I had little intention of reading Freedom by Jonathan Franzen, because I don’t think I’m interested in the life histories of despicable people. (Except, I am.) I have The Corrections, and know all the scandals that surround Franzen, but just was not interesting. One thing changed that: NPR. Right when Freedom came out, I was doing a lot of traveling and listening to NPR on the road. The interview with Franzen was fascinating and I loved the excerpt he read. I knew that as soon as I could get my hands on a copy I had to read it.
Now that I have read it, it absolutely lived up to my expectations. I know that a lot of my appreciation has to do with the writing style; the particularly detailed, almost omniscient narrator is my favorite. I found Franzen’s voice refreshing and his vision of the US life, though somewhat bleak, was so realistic that the characters could have been my neighbors.
Freedom is a family history of the fictional Berglunds, from Patty and Walter’s childhoods to their lukewarm courtship and their mutual betrayals over time. Patty, a college athlete turned housewife, throws herself into renovating their house, but once the project is finished finds herself depressed. Walter, a strong believer in population control and environmental protection, rides his bike to work every day but eventually changes jobs to a career that will alter his life forever.
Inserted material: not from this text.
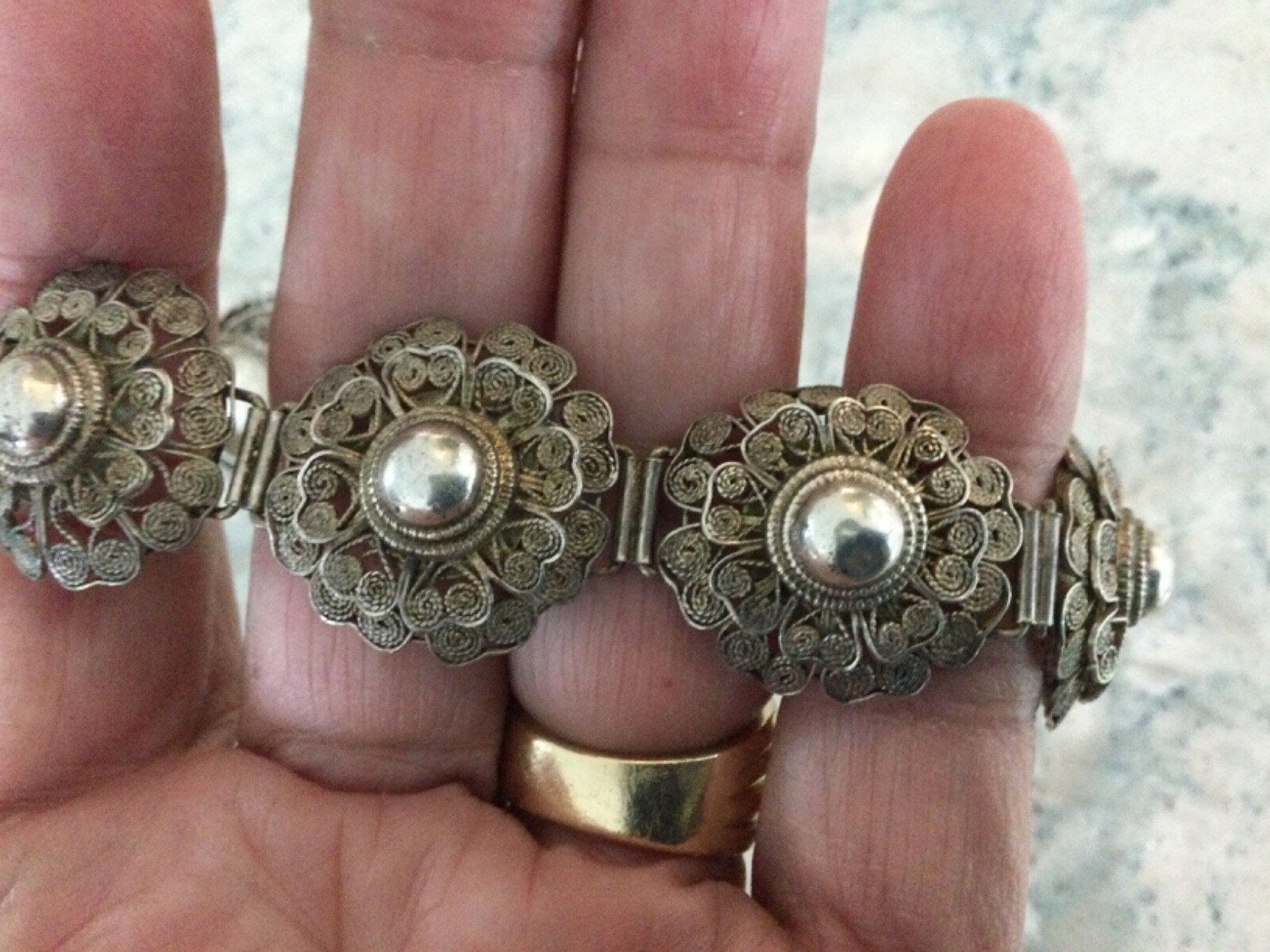 Vintage 1960’s Detail Spun Silver Filigree Flower Bracelet 100% (THKH)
Did I like Walter and Patty, or their mutual musician friend Richard? Absolutely not. Did I agree with the decisions their children made? Not once. Did I enjoy reading about their lives? I couldn’t get enough of it.
Though I do not think this is the perfect novel, or the perfect US novel, I do think that this story perfectly captures a moment in our history with characters who, yes, are somewhat like caricatures of their real-life counterparts. But never does Freedom venture into the unbelievable, rather only the extreme. There is a little bit of all of us, our worst sides, in these characters.
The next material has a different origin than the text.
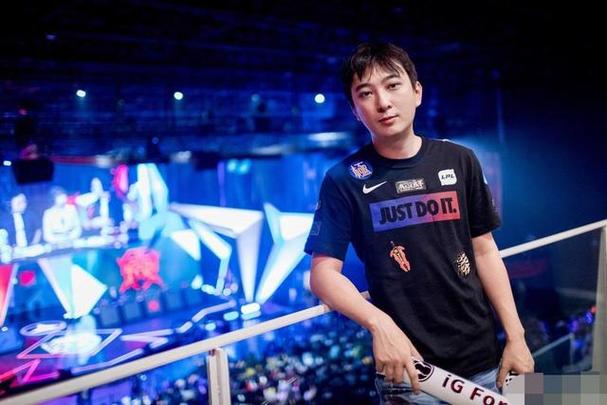 王思聪LOL：他到底有多爱玩？那些年校长玩过的游戏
Walter, though for much of his life he thinks he knows what he wants and how to get it, finds himself unsure of everything as he gets older and his children and wife disappoint him. This is how that feeling is described for Walter:
“He didn’t know what to do, he didn’t know how to live. Each new thing he encountered in life impelled him in a direction that fully convinced him of its rightness, but then the next new thing loomed up and impelled him in the opposite direction, which also felt right. There was no controlling narrative: he seemed to himself a purely reactive pinball in a game whose only object was to stay alive for staying alive’s sake.” (318)
I also loved that Freedom existed wholly in its time period, from the late 70s to the late 2000s, with the appearances of appropriate music details and technologies, including Twitter, Priuses and Obama:
“Linda was very offended by this conversation. Walter wasn’t really even a neighbor, he didn’t belong to the homeowners association, and the fact that he drove a Japanese hybrid, to which he’d recently applied an OBAMA bumper sticker, pointed, in her mind, toward godlessness and a callousness regarding the plight of hardworking families, like hers, who were struggling to make ends meet and raise their children to be good, loving citizens in a dangerous world.” (544)
“Anxieties hung like a cloud of no-see-ums on Canterbridge Court; they invaded every house via cable news and talk radio and the internet. There was plenty of tweeting on Twitter, but the chirping and fluttering world of nature, which Walter had invoked as if people were still supposed to care about it, was one anxiety too many.” (546)
Freedom is going to be one of my favorite novels of the year. It reminded me of all the things I love about Wally Lamb, with none of the problems I have with his fiction. Will novels like Freedom and The Hour I First Believed, which are so entrenched in a time period and actually occupy the same time period, eventually sound dated? I hope not. I hope that they simply serve as a glimpse into our society’s idiosyncrasies and complexities. I am eager to read The Corrections, a pre-9/11 novel, to compare it to Freedom.